OsrsNeedsF2P@lemmy.ml · 2 years ago

How much money does Lemmy.ml need to temporarily boost their servers?

Milan@discuss.tchncs.de · 2 years ago

in vservers, it depends on the memory … and storage option for the one starting at 30…

nutomic@lemmy.ml · 2 years ago

It currently has 8gb and only uses 6gb or so. CPU is the only limitation.

Milan@discuss.tchncs.de · 2 years ago

It does not sound like OVHs vServers offer dedicated cores, and it is common to quickly become a bottleneck with VPS offerings across hosters and for example with the initial Mastodon hypes, i had to learn that shared hardware lesson the hard way. For the price you are currently paying, maybe something like a used dedicated (or one of the fancy AMD ones) server at Hetzner is of interest: https://www.hetzner.com/sb

nutomic@lemmy.ml · 2 years ago

Hetzner is great but they are very strict about piracy, so its not an option for lemmy.ml. For now the load has gone down so I will leave it like this, but a dedicated OVH server might be an option if load increases again.
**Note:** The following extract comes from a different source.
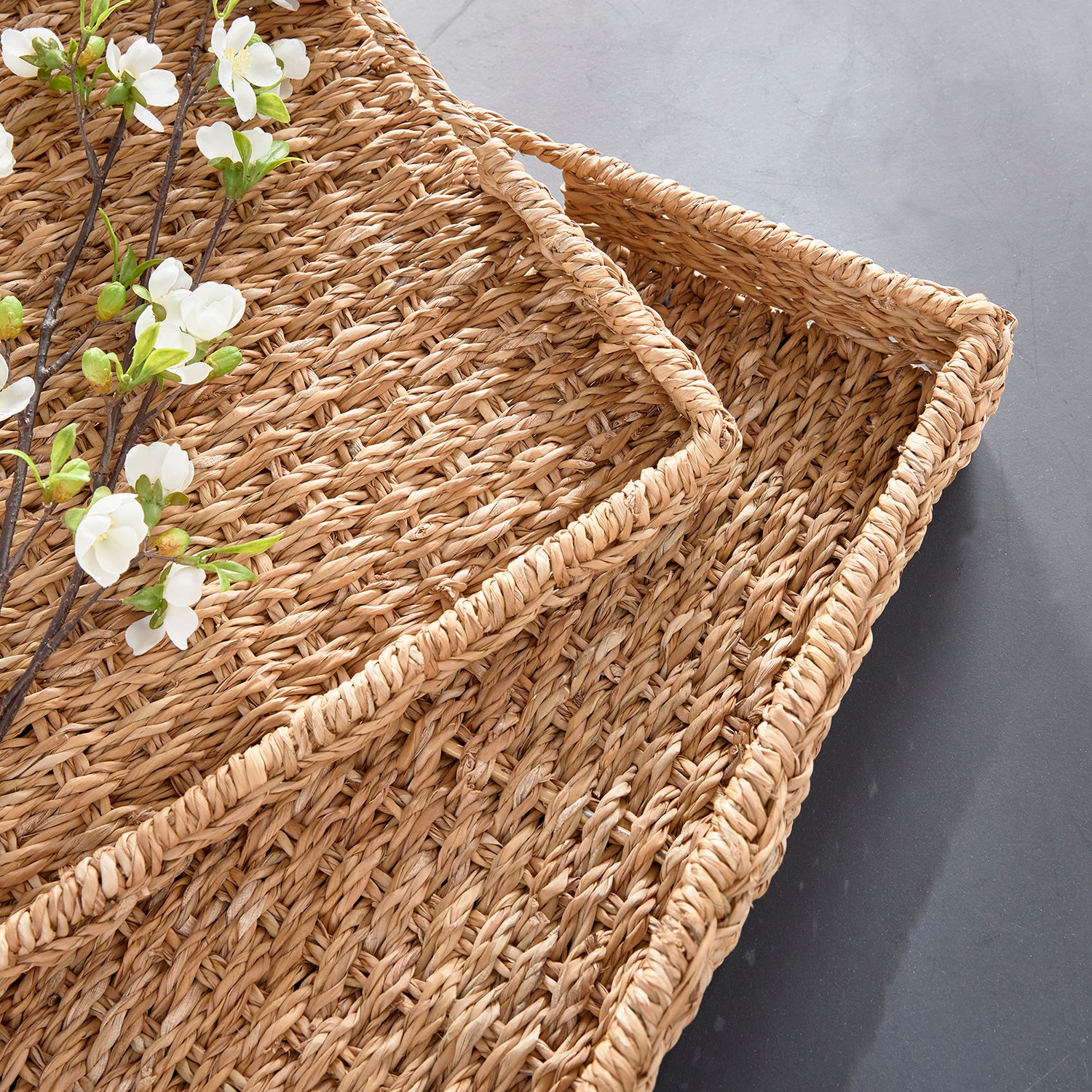 Seagrass Rectangular Tray Set of 2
Leigh@lemmy.ml · 2 years ago

You should use this relatively quiet time to migrate to a larger server, because when the time comes where you need to do it, you’re going to be in for a world of hurt. This is the calm before the storm–take advantage of it.

Ultimately, you need to scale horizontally. You need to shard your database and separate out your different functions (database, front end, whatever back end applications you use, etc) onto different servers, all fronted by load balancers. That’s going to be the only way to even begin to handle increasing load. If you don’t have a small team of experienced engineers with a deep understanding of how to build for scale, and you get a sudden mass exodus of users from Reddit, you’re fucked. So if I were you, here’s what I’d do:

Scale up to the largest instance type you can. If possible, switch (at least temporarily) to AWS and use something in the c6i instance family, such as the c6id.32xlarge. Billing for AWS instances is done by the hour, so you wouldn’t need to pay for an entire month up front if you only need that extra horsepower for a few days (such as when the blackouts are planned from the 12th through 14th).
Because the above will do nothing but buy you time until you crash–and if you get a huge spike of users, without horizontal scaling, you WILL crash–migrate your DNS to something like Cloudflare. From there, configure workers to respond when health checks to your site fail, so that users attempting to access the site can be shown a static page directing them to something like http://join-lemmy.org or someplace, instead of simply getting 5xx errors.
Once the hug of death is over, evaluate where you stand. Reduce your instance size, if you can, and start investigating what it’s going to take to scale horizontally.

I’m not a SQL expert, but I am a principal network architect, and my day job for the last 15 years has been working on scale and automation for the world’s largest companies, including 7 years spent at AWS. In my world, websites like Reddit, as large as they are, are still considered to be of ‘average’ size. I can’t help you with database, but I’m happy to provide guidance around networking, DNS, scale, automation, security, etc.

sam_uk@slrpnk.net · 2 years ago

I believe @ernest is just about to do a backend re-factor on https://kbin.social/ if you had the time and inclination a ticket here outlining some optimisations for horizontal scaling might be timely https://codeberg.org/Kbin/kbin-core

sysgen@lemmy.ml · 2 years ago

Hexbear ran (runs?) on Hetzner, I don’t recall them ever having an issue.